Tout était accordé jusqu'à ce que plus rien ne le soit, et Datuna Chighoshvili rentre à Kolkheti avec un été à oublier. Aucun des deux clubs ne dit qui a quitté la table.
Il ne s'agissait pas de football, et tous ceux qui ont vu la scène le savent. Deux hommes qui doivent jouer ensemble samedi se sont dit cette semaine au Kolkheti des choses qui prendront plus d'une semaine à effacer.
Il a récupéré puis il en a fait quelque chose : deux métiers, et la raison pour laquelle le score ressemble à ce qu'il est. 13 actions cumulées et une note de 6.48, dont pas une seule ne figurera dans un résumé.
Battu 1‑2, et battu sans discussion.

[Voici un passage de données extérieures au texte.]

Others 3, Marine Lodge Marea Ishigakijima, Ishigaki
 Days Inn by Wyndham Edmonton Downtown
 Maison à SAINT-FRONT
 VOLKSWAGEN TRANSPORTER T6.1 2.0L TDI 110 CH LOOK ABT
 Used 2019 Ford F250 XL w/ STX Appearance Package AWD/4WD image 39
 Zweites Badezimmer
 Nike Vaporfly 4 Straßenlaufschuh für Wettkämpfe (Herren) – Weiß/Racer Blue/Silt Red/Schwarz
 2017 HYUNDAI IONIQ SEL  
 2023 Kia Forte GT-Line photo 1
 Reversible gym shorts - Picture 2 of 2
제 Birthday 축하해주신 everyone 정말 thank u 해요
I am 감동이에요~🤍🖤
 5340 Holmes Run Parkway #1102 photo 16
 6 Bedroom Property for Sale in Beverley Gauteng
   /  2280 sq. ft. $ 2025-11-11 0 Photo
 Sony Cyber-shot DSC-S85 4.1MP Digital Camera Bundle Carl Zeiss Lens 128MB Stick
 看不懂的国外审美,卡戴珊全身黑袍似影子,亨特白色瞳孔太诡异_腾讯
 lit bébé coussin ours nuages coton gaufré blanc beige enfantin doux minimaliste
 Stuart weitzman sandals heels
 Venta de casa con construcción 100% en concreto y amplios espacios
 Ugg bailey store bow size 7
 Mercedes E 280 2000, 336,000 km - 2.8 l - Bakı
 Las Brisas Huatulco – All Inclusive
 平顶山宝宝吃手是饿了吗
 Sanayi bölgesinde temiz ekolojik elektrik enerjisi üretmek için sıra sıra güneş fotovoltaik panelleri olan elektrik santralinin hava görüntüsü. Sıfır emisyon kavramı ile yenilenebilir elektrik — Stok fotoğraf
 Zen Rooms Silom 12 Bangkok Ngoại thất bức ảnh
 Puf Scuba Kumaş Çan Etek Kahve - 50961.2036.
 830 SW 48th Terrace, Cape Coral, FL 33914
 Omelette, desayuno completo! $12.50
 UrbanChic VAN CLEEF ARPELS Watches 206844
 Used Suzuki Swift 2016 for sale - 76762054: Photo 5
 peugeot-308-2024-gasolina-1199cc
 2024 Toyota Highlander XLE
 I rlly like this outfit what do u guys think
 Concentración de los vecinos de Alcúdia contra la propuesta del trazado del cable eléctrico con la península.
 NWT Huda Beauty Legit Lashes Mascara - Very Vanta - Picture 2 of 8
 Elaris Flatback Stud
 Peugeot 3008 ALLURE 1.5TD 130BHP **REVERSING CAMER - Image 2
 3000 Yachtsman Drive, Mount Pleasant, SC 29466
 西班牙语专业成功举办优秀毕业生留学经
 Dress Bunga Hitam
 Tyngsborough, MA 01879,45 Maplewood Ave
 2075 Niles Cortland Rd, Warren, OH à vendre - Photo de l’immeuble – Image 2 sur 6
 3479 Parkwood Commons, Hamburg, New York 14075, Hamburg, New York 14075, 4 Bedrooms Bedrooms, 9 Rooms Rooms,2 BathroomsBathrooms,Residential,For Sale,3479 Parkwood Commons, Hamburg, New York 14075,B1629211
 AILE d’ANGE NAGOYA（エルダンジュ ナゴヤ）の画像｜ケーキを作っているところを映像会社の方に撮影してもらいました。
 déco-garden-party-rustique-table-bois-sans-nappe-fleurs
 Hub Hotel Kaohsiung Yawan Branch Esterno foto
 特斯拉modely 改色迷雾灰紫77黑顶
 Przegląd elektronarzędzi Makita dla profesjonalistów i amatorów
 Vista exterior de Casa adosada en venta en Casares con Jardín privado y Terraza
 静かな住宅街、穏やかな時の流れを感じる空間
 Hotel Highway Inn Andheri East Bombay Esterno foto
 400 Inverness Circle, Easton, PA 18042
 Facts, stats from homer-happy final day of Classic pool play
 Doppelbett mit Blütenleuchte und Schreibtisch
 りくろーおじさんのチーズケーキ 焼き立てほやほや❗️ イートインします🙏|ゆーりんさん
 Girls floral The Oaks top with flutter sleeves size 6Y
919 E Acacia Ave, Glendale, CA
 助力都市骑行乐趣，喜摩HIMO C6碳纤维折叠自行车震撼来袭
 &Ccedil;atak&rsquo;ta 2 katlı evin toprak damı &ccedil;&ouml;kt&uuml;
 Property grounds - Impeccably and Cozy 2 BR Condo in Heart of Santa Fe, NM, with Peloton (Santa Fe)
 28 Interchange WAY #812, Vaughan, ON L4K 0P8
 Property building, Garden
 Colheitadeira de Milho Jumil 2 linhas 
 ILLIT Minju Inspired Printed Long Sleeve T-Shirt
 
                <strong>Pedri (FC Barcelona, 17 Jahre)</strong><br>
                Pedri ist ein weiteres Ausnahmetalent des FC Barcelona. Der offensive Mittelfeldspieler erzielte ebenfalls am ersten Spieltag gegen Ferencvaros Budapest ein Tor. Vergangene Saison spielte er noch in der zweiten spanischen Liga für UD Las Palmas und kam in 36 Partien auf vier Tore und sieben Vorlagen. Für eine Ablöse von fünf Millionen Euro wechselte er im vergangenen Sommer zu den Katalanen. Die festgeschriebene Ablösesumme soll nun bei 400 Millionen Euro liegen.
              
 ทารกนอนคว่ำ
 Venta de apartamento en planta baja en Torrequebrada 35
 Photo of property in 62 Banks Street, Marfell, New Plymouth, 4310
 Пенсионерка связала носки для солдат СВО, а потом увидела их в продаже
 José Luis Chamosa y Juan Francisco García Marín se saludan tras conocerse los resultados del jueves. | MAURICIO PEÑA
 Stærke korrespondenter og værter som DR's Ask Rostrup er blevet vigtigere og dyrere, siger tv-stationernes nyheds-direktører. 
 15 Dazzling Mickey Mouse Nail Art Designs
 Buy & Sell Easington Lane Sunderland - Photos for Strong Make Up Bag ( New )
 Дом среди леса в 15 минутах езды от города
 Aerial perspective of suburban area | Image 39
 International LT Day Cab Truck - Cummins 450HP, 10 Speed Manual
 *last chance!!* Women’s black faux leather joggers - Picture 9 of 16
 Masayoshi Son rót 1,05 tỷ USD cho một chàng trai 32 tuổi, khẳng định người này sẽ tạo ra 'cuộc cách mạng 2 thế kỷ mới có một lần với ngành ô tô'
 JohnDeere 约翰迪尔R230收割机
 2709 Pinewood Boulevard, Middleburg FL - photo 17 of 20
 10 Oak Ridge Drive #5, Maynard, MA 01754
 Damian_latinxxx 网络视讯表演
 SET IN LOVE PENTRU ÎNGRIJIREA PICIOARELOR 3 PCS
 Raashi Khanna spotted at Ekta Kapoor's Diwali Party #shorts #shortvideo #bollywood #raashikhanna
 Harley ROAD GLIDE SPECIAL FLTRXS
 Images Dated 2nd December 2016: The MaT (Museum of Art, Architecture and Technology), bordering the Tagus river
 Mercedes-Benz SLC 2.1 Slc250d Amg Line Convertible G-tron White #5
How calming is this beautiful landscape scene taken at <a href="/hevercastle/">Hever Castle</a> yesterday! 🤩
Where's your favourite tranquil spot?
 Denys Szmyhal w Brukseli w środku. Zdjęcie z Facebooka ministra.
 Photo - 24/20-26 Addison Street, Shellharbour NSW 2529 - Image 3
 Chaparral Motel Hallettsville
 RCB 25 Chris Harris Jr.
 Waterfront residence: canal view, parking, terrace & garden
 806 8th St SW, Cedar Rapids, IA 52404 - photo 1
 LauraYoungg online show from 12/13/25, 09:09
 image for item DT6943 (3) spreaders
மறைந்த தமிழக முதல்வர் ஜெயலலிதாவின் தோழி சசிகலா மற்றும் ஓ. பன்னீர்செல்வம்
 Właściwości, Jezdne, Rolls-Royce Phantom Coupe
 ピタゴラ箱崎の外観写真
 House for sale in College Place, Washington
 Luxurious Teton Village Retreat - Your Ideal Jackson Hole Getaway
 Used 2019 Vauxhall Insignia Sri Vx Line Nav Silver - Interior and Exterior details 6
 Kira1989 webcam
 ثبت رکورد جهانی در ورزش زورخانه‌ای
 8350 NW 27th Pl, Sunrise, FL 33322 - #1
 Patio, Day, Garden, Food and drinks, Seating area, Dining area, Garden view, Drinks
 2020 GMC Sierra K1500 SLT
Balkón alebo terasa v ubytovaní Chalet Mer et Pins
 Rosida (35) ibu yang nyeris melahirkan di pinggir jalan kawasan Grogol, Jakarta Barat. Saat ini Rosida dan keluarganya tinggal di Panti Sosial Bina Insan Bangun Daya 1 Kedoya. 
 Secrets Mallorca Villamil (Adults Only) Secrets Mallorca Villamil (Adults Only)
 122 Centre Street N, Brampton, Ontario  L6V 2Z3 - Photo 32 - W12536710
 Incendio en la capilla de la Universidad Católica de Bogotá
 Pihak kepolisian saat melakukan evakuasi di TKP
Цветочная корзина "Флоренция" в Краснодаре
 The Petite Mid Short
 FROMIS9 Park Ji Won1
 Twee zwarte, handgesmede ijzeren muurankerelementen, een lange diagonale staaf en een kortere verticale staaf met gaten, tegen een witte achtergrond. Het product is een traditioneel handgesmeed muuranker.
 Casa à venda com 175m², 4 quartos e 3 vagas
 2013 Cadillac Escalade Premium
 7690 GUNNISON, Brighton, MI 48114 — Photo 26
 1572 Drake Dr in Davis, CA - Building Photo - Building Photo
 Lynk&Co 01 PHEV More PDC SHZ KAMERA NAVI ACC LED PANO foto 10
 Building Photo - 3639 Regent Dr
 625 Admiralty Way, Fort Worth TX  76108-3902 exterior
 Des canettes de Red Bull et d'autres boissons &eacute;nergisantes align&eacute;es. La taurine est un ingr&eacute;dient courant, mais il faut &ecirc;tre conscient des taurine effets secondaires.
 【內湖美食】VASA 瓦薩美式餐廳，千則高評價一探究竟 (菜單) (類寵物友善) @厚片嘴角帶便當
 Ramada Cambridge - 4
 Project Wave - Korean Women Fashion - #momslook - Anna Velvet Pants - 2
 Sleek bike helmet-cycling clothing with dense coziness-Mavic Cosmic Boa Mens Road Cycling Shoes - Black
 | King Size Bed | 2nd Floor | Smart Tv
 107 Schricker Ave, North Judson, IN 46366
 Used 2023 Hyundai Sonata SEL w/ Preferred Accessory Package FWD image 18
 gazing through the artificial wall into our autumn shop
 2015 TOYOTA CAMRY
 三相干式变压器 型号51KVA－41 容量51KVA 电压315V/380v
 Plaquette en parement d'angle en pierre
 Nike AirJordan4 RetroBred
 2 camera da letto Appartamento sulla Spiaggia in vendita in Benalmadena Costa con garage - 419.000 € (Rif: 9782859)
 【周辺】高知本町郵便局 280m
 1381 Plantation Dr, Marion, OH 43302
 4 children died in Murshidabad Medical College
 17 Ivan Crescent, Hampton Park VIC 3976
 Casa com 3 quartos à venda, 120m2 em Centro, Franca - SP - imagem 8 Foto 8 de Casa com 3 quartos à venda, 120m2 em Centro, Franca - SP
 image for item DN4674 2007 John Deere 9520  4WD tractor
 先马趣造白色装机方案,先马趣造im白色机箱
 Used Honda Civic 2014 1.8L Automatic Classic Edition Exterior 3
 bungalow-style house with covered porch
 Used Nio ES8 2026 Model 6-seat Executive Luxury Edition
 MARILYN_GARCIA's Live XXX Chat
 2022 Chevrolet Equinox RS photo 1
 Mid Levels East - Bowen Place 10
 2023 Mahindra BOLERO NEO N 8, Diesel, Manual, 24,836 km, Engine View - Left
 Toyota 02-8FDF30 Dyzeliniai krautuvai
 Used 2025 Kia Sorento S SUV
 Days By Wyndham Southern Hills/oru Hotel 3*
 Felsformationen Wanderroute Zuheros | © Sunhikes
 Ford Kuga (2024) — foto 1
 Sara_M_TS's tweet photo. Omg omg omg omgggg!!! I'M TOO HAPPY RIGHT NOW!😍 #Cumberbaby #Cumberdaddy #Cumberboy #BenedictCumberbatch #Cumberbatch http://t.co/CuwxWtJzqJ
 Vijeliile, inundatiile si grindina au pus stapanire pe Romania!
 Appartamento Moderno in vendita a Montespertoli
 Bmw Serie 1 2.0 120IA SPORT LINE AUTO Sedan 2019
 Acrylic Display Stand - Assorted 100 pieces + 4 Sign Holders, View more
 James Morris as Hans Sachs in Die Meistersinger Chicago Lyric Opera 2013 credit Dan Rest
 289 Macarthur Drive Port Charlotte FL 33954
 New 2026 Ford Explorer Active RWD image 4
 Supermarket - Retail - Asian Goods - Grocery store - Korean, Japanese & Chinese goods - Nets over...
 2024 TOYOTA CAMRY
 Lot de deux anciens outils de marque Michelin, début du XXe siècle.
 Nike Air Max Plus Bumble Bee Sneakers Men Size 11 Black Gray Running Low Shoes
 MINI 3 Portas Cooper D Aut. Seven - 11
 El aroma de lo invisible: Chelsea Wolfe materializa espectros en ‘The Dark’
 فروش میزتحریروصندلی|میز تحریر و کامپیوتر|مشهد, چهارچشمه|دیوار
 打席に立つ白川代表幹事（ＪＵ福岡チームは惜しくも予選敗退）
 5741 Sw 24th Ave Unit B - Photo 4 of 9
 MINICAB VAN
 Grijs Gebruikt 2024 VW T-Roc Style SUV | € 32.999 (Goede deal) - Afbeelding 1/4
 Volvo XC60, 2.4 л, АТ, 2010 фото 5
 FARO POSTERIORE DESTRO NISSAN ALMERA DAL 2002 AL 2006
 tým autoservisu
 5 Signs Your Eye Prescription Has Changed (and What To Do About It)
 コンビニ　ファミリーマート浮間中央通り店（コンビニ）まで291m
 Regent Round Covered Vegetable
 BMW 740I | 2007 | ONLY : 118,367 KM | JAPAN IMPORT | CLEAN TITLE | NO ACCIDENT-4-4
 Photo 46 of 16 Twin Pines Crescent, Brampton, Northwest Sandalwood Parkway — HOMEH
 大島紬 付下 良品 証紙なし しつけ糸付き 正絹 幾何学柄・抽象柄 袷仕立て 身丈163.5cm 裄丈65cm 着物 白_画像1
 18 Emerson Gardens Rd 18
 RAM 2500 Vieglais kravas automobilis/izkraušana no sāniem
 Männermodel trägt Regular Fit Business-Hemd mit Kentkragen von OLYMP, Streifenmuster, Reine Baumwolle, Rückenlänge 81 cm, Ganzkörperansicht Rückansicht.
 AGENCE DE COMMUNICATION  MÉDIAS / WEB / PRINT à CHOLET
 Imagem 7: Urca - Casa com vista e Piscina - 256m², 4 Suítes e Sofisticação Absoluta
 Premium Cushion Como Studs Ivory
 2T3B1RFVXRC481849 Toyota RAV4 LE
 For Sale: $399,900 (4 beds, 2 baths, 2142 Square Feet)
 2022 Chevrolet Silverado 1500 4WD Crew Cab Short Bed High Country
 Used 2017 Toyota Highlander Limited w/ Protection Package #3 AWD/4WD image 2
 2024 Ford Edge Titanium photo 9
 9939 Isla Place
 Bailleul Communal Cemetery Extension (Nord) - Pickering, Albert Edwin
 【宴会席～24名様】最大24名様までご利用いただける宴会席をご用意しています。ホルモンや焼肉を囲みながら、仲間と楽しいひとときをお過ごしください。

L'entraîneur a fait court après le match, ce qui était sans doute sage.
Effectif13/09/2032
Des mots à l'entraînement du Kolkheti sur qui travaille vraiment
Quelqu'un a dit tout haut ce que plusieurs pensaient. Radosław Szafrański en est au centre, et le groupe va découvrir si le niveau d'exigence monte ou si les deux cessent simplement de se parler.
« Celui qui ne court pas pour ce maillot ne le portera pas longtemps. » Aucun nom n'a été prononcé, et ce n'était pas la peine : dans le vestiaire, tout le monde a compris.
Il a récupéré puis il en a fait quelque chose : deux métiers, et la raison pour laquelle le score ressemble à ce qu'il est. 14 actions cumulées et une note de 6.74, dont pas une seule ne figurera dans un résumé.
Le nom de Datuna Chighoshvili est apparu dans des conversations dont Kolkheti ne faisait pas partie. Rien d'officiel, rien de signé — mais rien d'accidentel non plus.
Effectif06/09/2032
Des mots à l'entraînement du Kolkheti sur qui travaille vraiment
Quelqu'un a dit tout haut ce que plusieurs pensaient. Davit Gamsakhurdia en est au centre, et le groupe va découvrir si le niveau d'exigence monte ou si les deux cessent simplement de se parler.
Il ne s'agissait pas de football, et tous ceux qui ont vu la scène le savent. Deux hommes qui doivent jouer ensemble samedi se sont dit cette semaine au Kolkheti des choses qui prendront plus d'une semaine à effacer.
36 jours, dit l’examen — et les examens sont plus cléments que la réalité. Les matchs de cette période viennent de devenir le travail de quelqu’un d’autre.
Un mois est assez long pour que personne n'y entre par hasard. Frank Chileshe figure dans le onze de la division, ce qui est un compliment plus discret qu'un trophée et plus fiable.
15 actions défensives et un clean sheet au bout. L'après-midi d'un défenseur ne peut se raconter que par ce qui n'est pas arrivé : voilà pourquoi personne n'en fait un résumé et pourquoi tous les entraîneurs de la division le prendraient.
Démentie deux fois, imprimée trois fois : l’arithmétique habituelle. Tant que Otar Kobiashvili n’aura rien signé — un contrat à Kolkheti ou ailleurs —, cette rubrique lui appartient.